Almost a century later, artists are still struggling with economic crises, rapid technological advancement, and war. World-historical traumas might be more mediated today, but we continue to live in “interesting times.” In recent decades, the animating principles of work, war and daily life have shifted from the physical to the cerebral, from machines to information. As capitalist societies extend beyond traditional notions of labor, the definitions of and divisions between the self, work and product are blurred. How have developments in technology shifted our understanding of the body and sexuality? How do these current conditions affect our understanding of informe or the uncanny? How does urbanization relate to our notions of selfhood and domestic space? These are the questions that the artists in the exhibition ask or address.

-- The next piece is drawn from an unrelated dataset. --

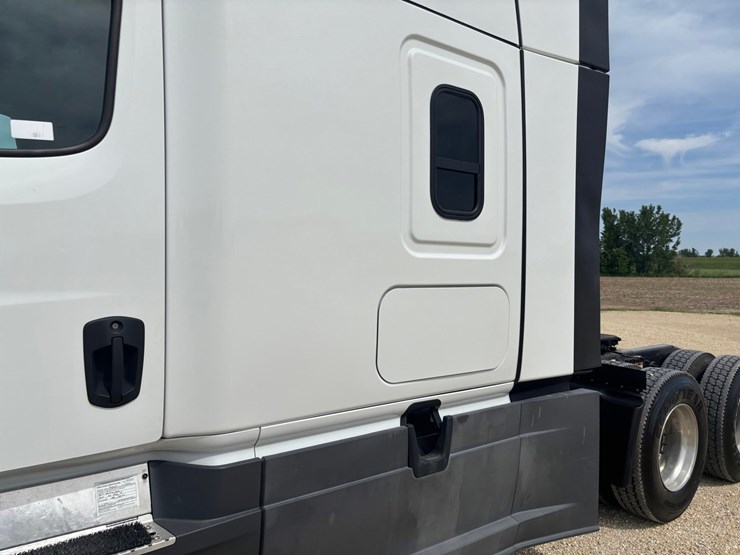 2021-freightliner-cascadia-126-image-12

A Disagreeable Object features work by Alisa Baremboym, Alexandra Bircken, Ian Cheng, Talia Chetrit, Martin Soto Climent, FOS, Aneta Grzeszykowska, Camille Henrot, Alicja Kwade, Charles Long, Sarah Lucas, Ann Cathrin November Høibo, Laura Riboli, Matthew Ronay, Pamela Rosenkranz, Michael E. Smith, Johannes VanDerBeek, Andro Wekua, Susanne M. Winterling, and Anicka Yi. The exhibition is curated by Ruba Katrib, SculptureCenter Curator.